Several terror cells that were about to carry out bombings, shootings, and rocket attacks on Israeli civilian and military targets have been broken up by the Israel Security Agency. These include a Hamas terror cell plotting to bomb a packed outdoor Jerusalem mall during the Jewish New Year.
“These terror attacks remind us that even when things seem quiet on the surface, the IDF and its commanders are always dealing with a reality of operational tension,” Chief of Staff Gantz said.
The IDF believes it can keep a lid on the violence due its strong presence on the ground in the West Bank, and Israel’s tight intelligence grip of the sector.
Israel’s firm control of the Jordan Valley, the security fence, and a level of consistent cooperation with Palestinian Authority security forces have all acted as stabilizing factors that prevent a significant deterioration.
But the risk of violence spiraling out of control remains. Hamas, Islamic Jihad, the Fatah-affiliated Al Aqsa Martyrs Brigade, and lone-wolf terrorists all have the potential to set in motion a series of attacks.
In Gaza, where Hamas keeps the ceasefire with Israel, the Islamist regime is agitating for an intifada in the West Bank, and has openly stated its desire to see a wave of violence sweep the area.
“We are facing a political failure for the Palestinian Authority and the beginning of a new popular intifada against Israel,” Hamas’s deputy politburo chief, Mousa Abu Marzook, wrote on his Facebook page.
“John Kerry’s $4 million economic plan [for the Palestinian Authority] will not save the day,” he added.
Hamas’s calls for an upsurge in violence are aimed at harming both Israel and the rival Fatah organization which rules the West Bank.
Fatah, for its part, continues to speak the language of extremism to Palestinians.
“My homeland taught me that it is the blood of martyrs that draws the borders of the homeland,” an official Fatah Facebook post told readers in late August. More recently, at the end of September, Palestinian Authority television featured a young woman reciting a poem.

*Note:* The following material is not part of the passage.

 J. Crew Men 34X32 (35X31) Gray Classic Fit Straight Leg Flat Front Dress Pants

“When I was young, I was taught that… our wars were for the Al-Aqsa Mosque, and that our enemy is Satan, Zion with a tail,” she said.

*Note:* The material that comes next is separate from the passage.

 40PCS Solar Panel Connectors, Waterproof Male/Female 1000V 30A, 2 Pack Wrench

In July, PA TV broadcast two young girls reading out poetry, one of whom said that Jews “murdered Allah’s pious prophets,” adding: “You have been condemned to humiliation and hardship. Oh Sons of Zion, oh most evil among creations. Oh barbaric monkeys, wretched pigs.”

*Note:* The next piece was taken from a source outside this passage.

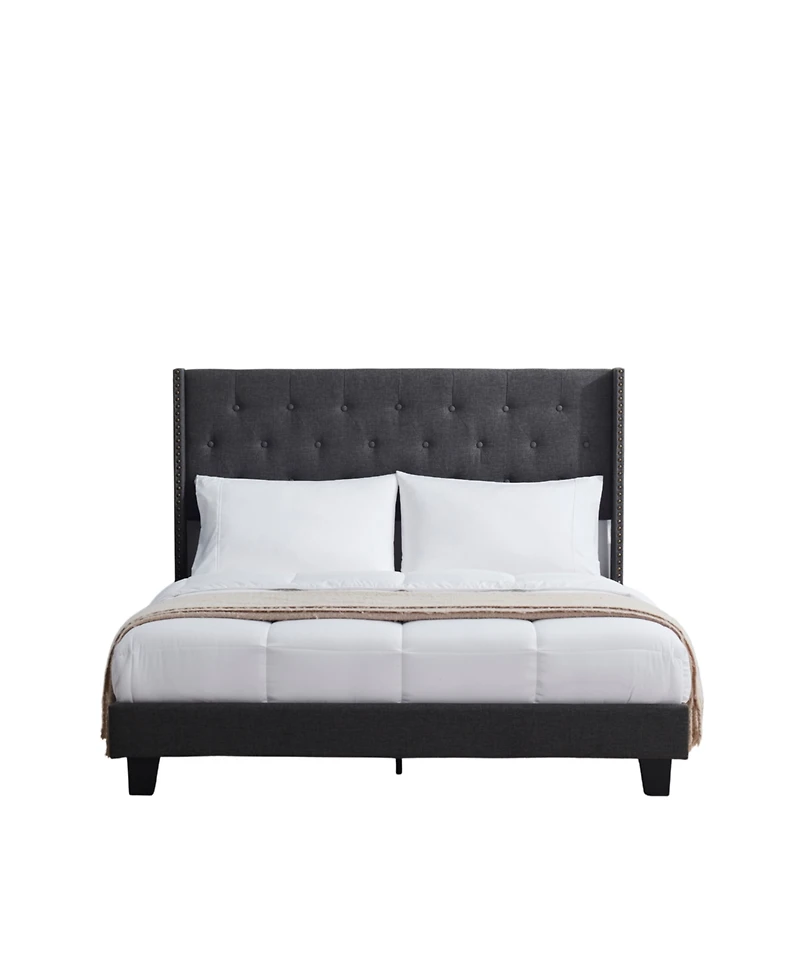 Clara Clark Wingback Diamond Upholstered Platform Bed - King - Silver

Should the smoldering embers in the West Bank turn into a fire of terrorism and rioting once again, triggering Israeli responses, this could have a knock on effect in other tense arenas, like Gaza.
It is this scenario, of sudden deterioration in multiple arenas in a short period of time, that the IDF is preparing itself for during these highly turbulent times.
Yaakov Lappin is the Jerusalem Post’s military and national security affairs correspondent, and author of The Virtual Caliphate (Potomac Books), which proposes that jihadis on the internet have established a virtual Islamist state.